CM: Os delegados desta conferência representam uma parcela da sociedade que sofre, historicamente, uma grande ofensiva do capital contra seus territórios, sua cultura, sua prática agrícola e, por isso, têm cobrado do governo Dilma avanços na demarcação de terras, na reforma agrária, na defesa da agroecologia. O governo está preparado para enfrentar essas cobranças e conciliar essa pauta de público tão diverso?
PV: É natural que os movimentos queiram que o governo faça mais. O povo não quer caminhar para trás, não quer voltar para o passado. Quer avançar, quer ir para frente e projetar seu futuro. Há um reconhecimento por parte dos movimentos sociais de que nesses dez anos houve um conjunto de políticas públicas tanto agrícolas quanto agrárias que favoreceram este campo. Na reforma agrária, 60% da área reformada no Brasil foi obtida nesses dez anos. As políticas públicas que fortaleceram a agricultura familiar permitiram que, de 2003 a 2011, o crescimento da renda dos domicílios da agricultura familiar atingisse 52% em termos reais. Então, há um reconhecimento do avanço, mas é o que a gente sempre diz: quando o povo conquista uma coisa, ele já está olhando a nova conquista que precisa. E é bom que seja assim, porque do contrário haveria um processo de acomodação. Essa característica, que eu dizia na minha fala que é a esperança crítica do povo brasileiro, ocorre neste sentido: o povo reconhece o avanço, mas quer mais.
CM: No seu discurso, o senhor considerou que o principal avanço do período Lula/Dilma foi o reconhecimento e a fixação do conceito e identidade da agricultura familiar. Por que isso é tão importante para o Brasil?
PV: Olha, nós não só fixamos esse conceito aqui no Brasil em lei, na Lei 11.326, que é a Lei da Agricultura Familiar, mas levamos esse conceito para o Mercosul. A experiência brasileira foi decisiva para que, no âmbito do Mercosul, os demais estados-membros construíssem o conceito dos registros nacionais da agricultura familiar. A experiência foi justamente a declaração de aptidão ao Pronaf, que serve de exemplo para os registros nacionais dos demais países. E passamos a ser uma grande referência em escala internacional, quando se fala em produção de políticas públicas para a agricultura familiar. Então, eu diria que a afirmação dessa identidade é uma grande conquista desse período, sem sombra de dúvida.
CM: As inovações desta conferência, como a paridade de gênero e a cota de 20% para representantes da juventude rural é efeito das manifestações iniciadas em junho por maior participação social na política ou uma construção histórica dos próprios movimentos?
PV: Isso vem de muito tempo. A Marcha das Margaridas, por exemplo, já acontece há muito tempo. Mais recentemente, começou essa preocupação com a juventude rural, a partir da constatação de que o êxodo rural, hoje, é basicamente juvenil. Então, este passou a ser um outro elemento importante para pensarmos políticas públicas para a agricultura familiar.

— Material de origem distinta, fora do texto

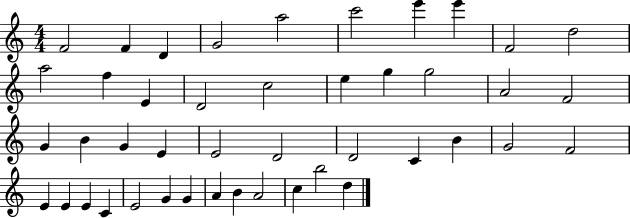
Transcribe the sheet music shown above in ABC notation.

X:1
T:Untitled
M:4/4
L:1/4
K:C
F2 F D G2 a2 c'2 e' e' F2 d2 a2 f E D2 c2 e g g2 A2 F2 G B G E E2 D2 D2 C B G2 F2 E E E C E2 G G A B A2 c b2 d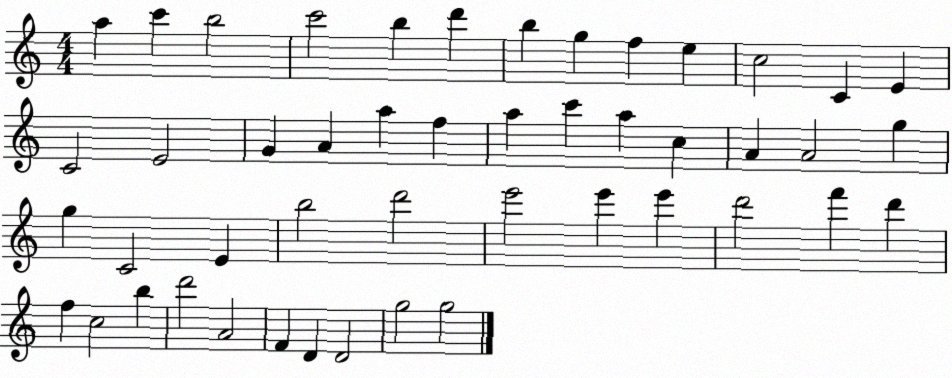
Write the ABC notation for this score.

X:1
T:Untitled
M:4/4
L:1/4
K:C
a c' b2 c'2 b d' b g f e c2 C E C2 E2 G A a f a c' a c A A2 g g C2 E b2 d'2 e'2 e' e' d'2 f' d' f c2 b d'2 A2 F D D2 g2 g2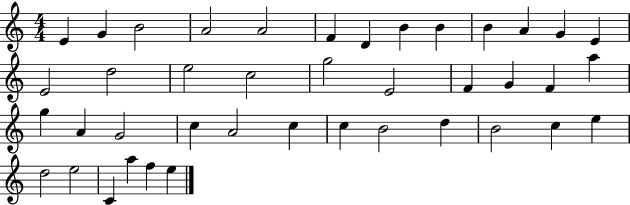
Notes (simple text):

E4/q G4/q B4/h A4/h A4/h F4/q D4/q B4/q B4/q B4/q A4/q G4/q E4/q E4/h D5/h E5/h C5/h G5/h E4/h F4/q G4/q F4/q A5/q G5/q A4/q G4/h C5/q A4/h C5/q C5/q B4/h D5/q B4/h C5/q E5/q D5/h E5/h C4/q A5/q F5/q E5/q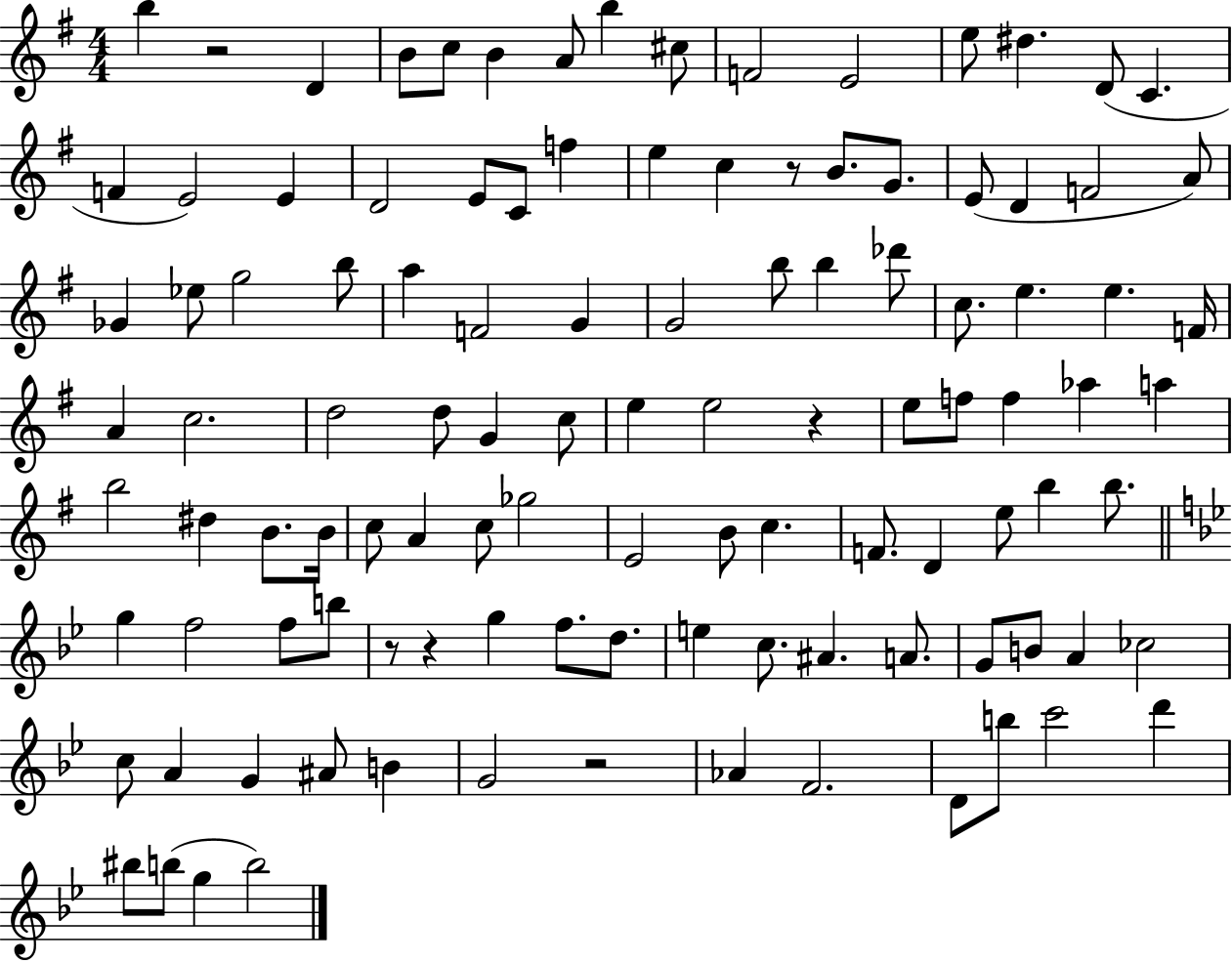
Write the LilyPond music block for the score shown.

CM: A construção de políticas públicas para os jovens rurais é uma das metas desta conferência? Que novidades há no horizonte?

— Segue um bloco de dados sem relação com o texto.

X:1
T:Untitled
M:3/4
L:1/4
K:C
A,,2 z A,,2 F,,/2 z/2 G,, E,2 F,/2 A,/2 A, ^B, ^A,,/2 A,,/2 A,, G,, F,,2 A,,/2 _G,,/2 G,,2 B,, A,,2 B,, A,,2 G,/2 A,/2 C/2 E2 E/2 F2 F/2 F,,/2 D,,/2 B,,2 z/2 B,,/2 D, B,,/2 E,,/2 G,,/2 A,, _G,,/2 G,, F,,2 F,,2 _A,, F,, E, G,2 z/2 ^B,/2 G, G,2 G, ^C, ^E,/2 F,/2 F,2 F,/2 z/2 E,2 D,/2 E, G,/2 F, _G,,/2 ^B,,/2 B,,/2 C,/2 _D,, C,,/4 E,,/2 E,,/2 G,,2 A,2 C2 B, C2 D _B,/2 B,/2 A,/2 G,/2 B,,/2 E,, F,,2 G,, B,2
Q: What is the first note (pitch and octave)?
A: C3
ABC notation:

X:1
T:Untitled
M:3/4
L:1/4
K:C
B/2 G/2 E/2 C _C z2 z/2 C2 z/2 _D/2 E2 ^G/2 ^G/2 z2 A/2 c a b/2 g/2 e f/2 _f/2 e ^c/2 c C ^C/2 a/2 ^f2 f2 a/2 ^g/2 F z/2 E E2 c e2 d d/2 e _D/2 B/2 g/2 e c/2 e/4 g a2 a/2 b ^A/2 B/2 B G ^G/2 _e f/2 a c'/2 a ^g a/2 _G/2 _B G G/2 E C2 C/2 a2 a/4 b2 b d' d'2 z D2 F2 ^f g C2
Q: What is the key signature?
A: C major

Nós já temos várias políticas construídas no período recente. Nós temos o Pronaf Jovem, a proposta da reforma agrária geracional, onde estamos destinando um percentual mínimo de lotes nos novos assentamentos para jovens de ate 29 anos. Nos lotes vagos dos assentamentos, já existentes a prioridade é para jovens filhos ou filhas de agricultores familiares ou dos próprios assentados. Temos assistência técnica específica para jovens. Tem um conjunto de políticas públicas desse último período que considera isso. Há a ideia das escolas famílias agrícolas, das escolas famílias rurais passarem a receber também recursos do Fundeb. Tudo isso vem sendo construído como expressão da tentativa de consolidar políticas públicas para os jovens do meio rural.